Impossible de stocker l’excès de gaz?, Gazprom continue de livrer l’Europe vi l’Ukraine ce samedi

Gazprom va finalement continuer de livrer du gaz à l’Europe, via l’Ukraine, annonce le géant gazier russe, après avoir annoncé que les livraisons vers l’Allemagne via Nord Stream 1 ne reprendraient pas comme prévu.

Gazprom va livrer ce samedi 3 septembre 42,7 millions de mètres cubes de gaz à l’Europe via l’Ukraine, a déclaré le géant gazier russe, quelques heures après avoir annoncé que les livraisons vers l’Allemagne via le gazoduc Nord Stream 1 ne reprendraient pas comme prévu.

Le débit au point d’entrée de Soudja, à la frontière entre la Russie et l’Ukraine, était légèrement supérieur à son niveau de vendredi mais pas suffisant pour compenser les volumes qui étaient attendus via Nord Stream 1.

La Russie a annoncé vendredi que le gazoduc Nord Stream 1, qui passe sous la mer Baltique pour relier la Russie à l’Allemagne et à d’autres pays d’Europe occidentale, ne redémarrerait pas comme prévu ce samedi, en raison d’une fuite d’huile détectée au cours des opérations de maintenance des derniers jours. Moscou réagit ainsi à la décision annoncée vendredi par les pays du G7 de viser la manne énergétique de la Russie en convenant de plafonner le prix de son pétrole.

Le groupe allemand Siemens Energy, qui assure habituellement des opérations de maintenance sur les turbines de Nord Stream 1 mais n’a pas été associé cette fois aux travaux menés par Gazprom, a estimé que la fuite signalée par le groupe russe ne justifiait en rien l’arrêt du gazoduc.
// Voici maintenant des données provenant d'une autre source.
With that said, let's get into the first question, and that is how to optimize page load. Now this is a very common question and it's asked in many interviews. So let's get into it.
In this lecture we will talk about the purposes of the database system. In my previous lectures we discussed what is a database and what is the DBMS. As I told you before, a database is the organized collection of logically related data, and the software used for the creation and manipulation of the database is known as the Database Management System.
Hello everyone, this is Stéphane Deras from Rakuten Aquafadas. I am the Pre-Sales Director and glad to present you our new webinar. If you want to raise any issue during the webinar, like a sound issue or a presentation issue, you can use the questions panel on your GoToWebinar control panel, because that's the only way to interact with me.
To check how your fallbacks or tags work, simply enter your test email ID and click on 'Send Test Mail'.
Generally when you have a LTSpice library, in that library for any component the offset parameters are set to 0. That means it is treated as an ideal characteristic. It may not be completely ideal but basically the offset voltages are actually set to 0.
L’Europe prête à résister à une coupure totale

Le commissaire européen à l’Economie Paolo Gentiloni a assuré que l’Union européenne était “bien préparée” en cas d’arrêt total des livraisons de gaz russe, grâce au stockage et aux mesures d’économie d’énergie.
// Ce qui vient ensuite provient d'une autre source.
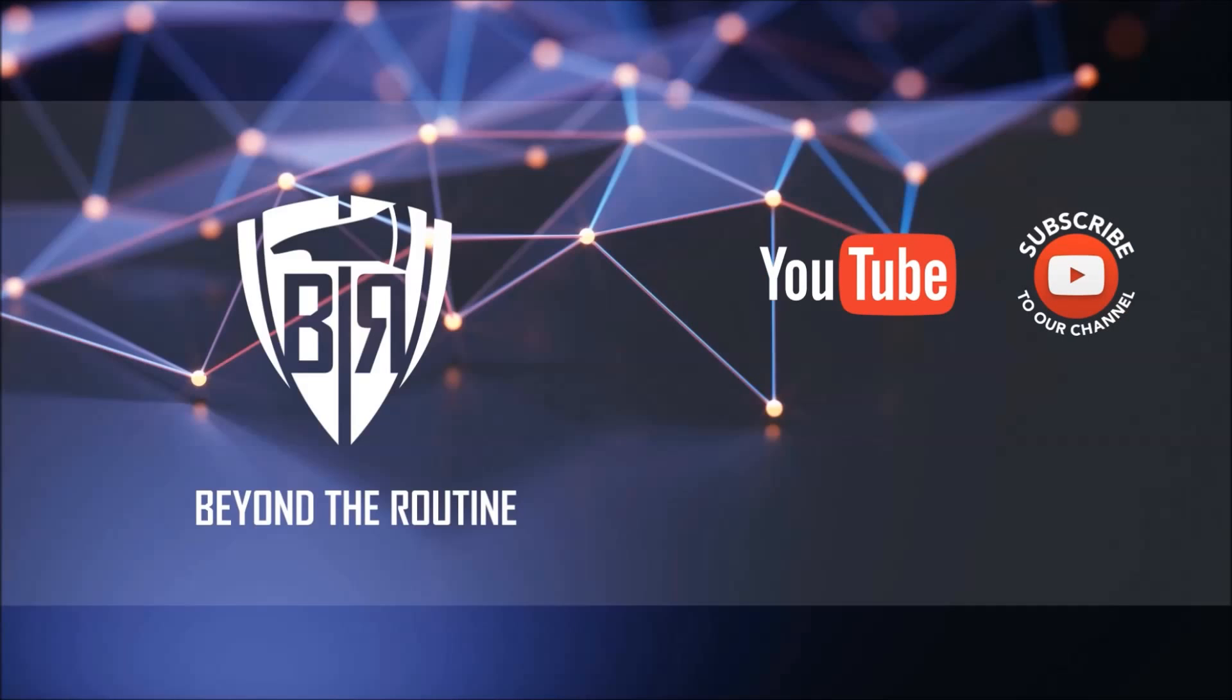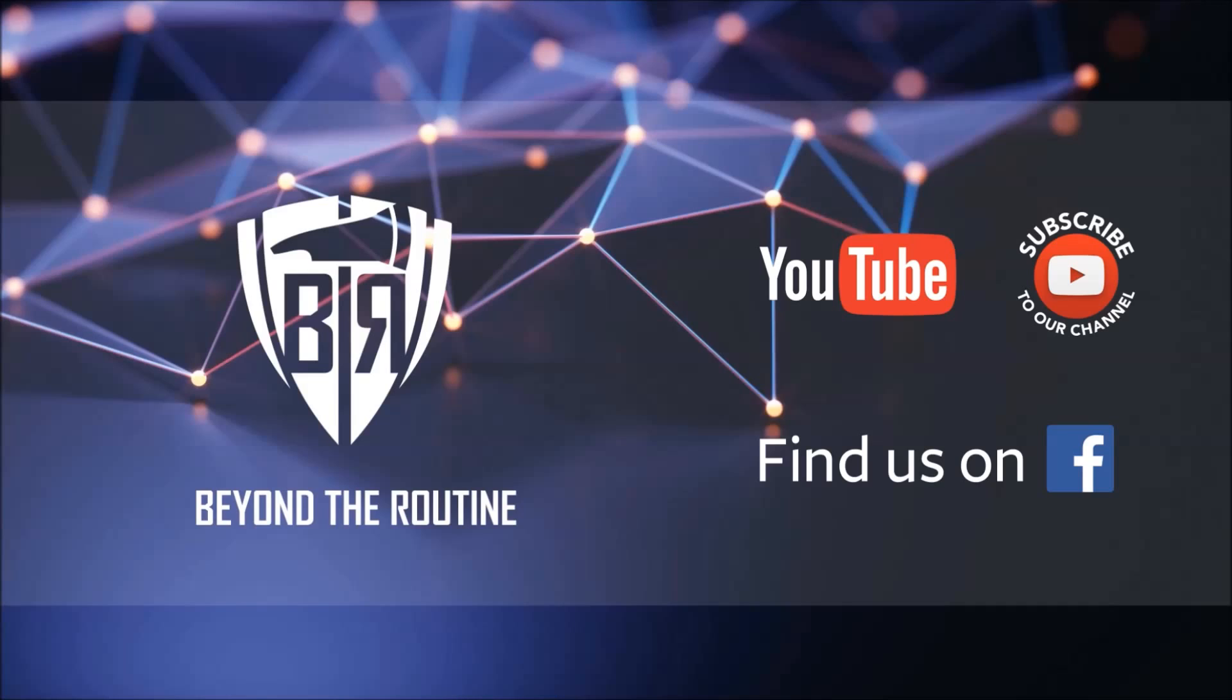If you liked this video, go ahead and click that like button and make sure you subscribe to our channel if you haven't done so. You can always find us on Facebook as well—just search for Beyond the Routine. I'd love to see you there. Every Thursday night starting next week, we'll be broadcasting live for one hour, so stay tuned to the live broadcast information. Thanks for watching again, and hope to see you at another Beyond the Routine episode.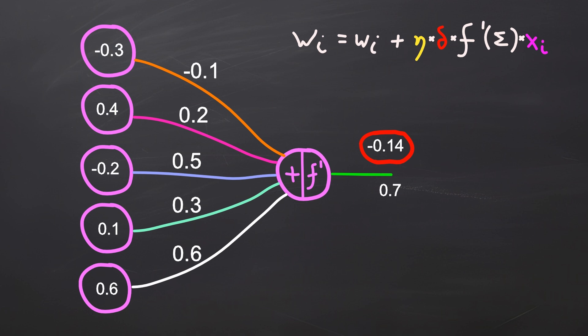The red delta is the neuron's propagated error. Because the neuron returned output from the activation function, we need to know how the function changed based on the input to adjust the weight correctly. This is why we use the function derivative. Finally, we need to consider the neuron input value. A large input value means it contributes more to the final output and requires a bigger adjustment. The sum symbol, like in the forward path, represents the weighted input sum.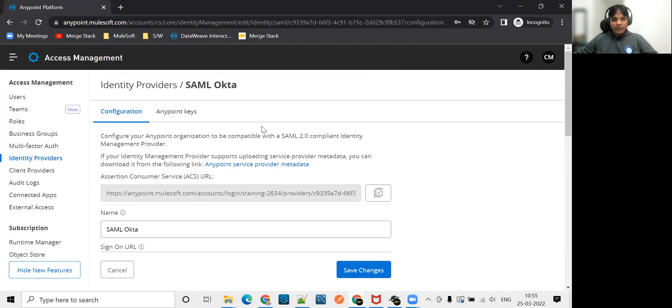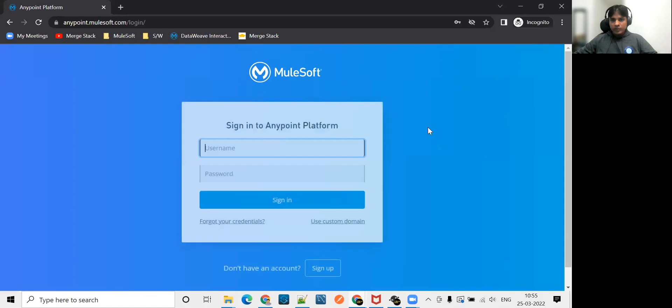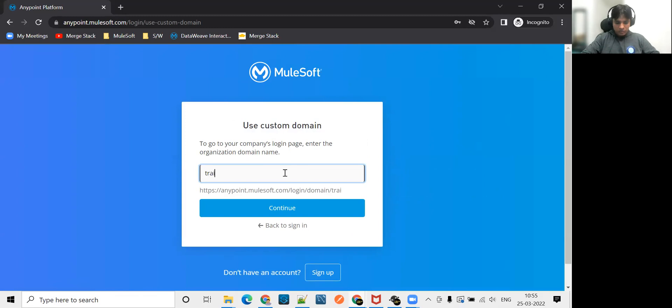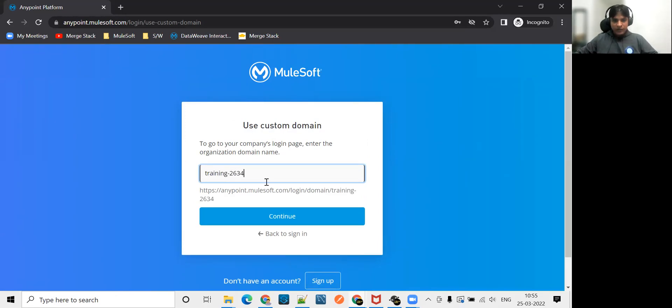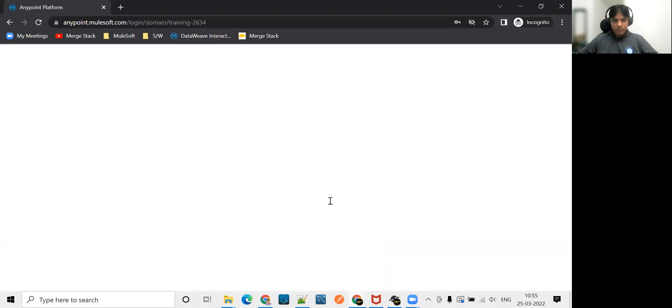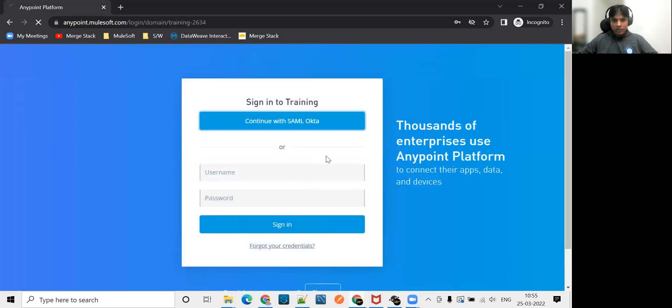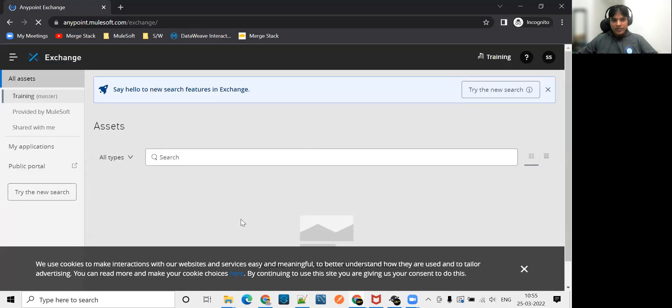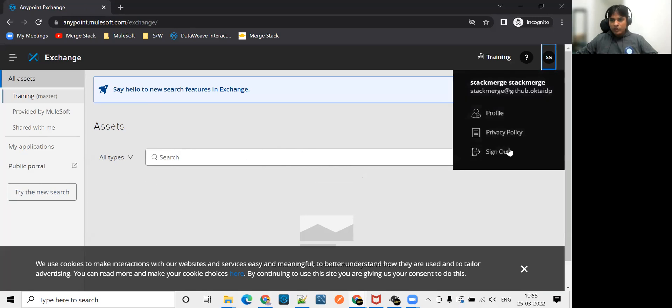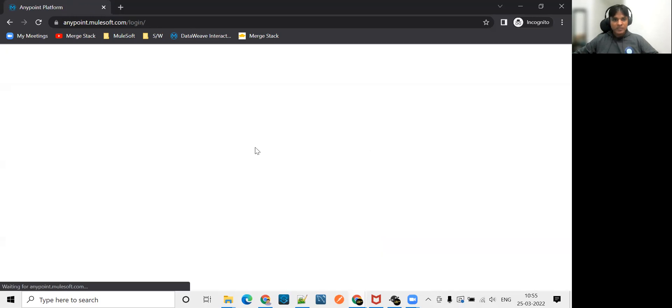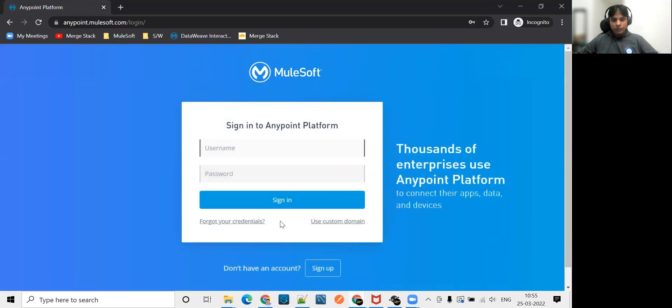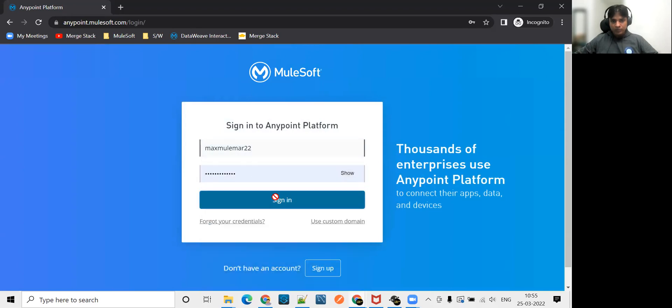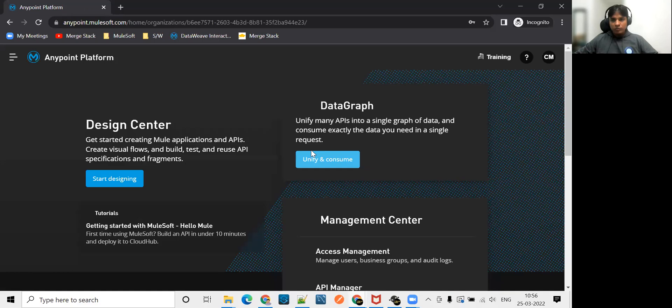Let's go ahead and first log in. I'll log out first with this user which is my admin user. I log in via custom domain. You can see that there are no permissions when this user logs into your Anypoint platform. I log off with this user.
“Nous sommes bien préparés à résister à l’utilisation extrême de l’arme du gaz par la Russie”, a-t-il déclaré devant la presse en marge du forum économique organisé par The European House – Ambrosetti à Cernobbio, sur le lac du Côme.

“Nous n’avons pas peur des décisions de Vladimir Poutine, nous demandons aux Russes de respecter les contrats, mais s’ils ne le font pas, nous sommes prêts à réagir”, a-t-il souligné.

Vers un plafonnement du gaz?

En outre, la présidente de la Commission européenne Ursula von der Leyen avait estimé vendredi qu'”il serait temps” de mettre en place un plafonnement du prix du gaz importé par gazoduc depuis la Russie, appuyant ainsi une mesure prônée par le Premier ministre italien Mario Draghi.

Dans l’Union européenne, “le stockage de gaz est actuellement à environ 80%, grâce à la diversification des fournitures”, même si la situation diverge d’un pays à l’autre, a indiqué M. Gentiloni.

Bruxelles “a fait beaucoup ces derniers mois” mais “aujourd’hui, il est possible de faire plus”, car “le mur de divisions qui a bloqué l’action de la Commission ces derniers mois présente de nombreuses brèches”, s’est félicité le commissaire européen.

L’objectif est de “poursuivre la stratégie d’une Europe unie qui travaille contre l’invasion de l’Ukraine en utilisant l’arme économique”, a-t-il expliqué.

“Nous ne participons pas à la guerre, nous ne participons pas à l’escalade militaire”, mais “nous soutenons l’Ukraine” et “nous devons le faire maintenant plus efficacement”, a-t-il insisté.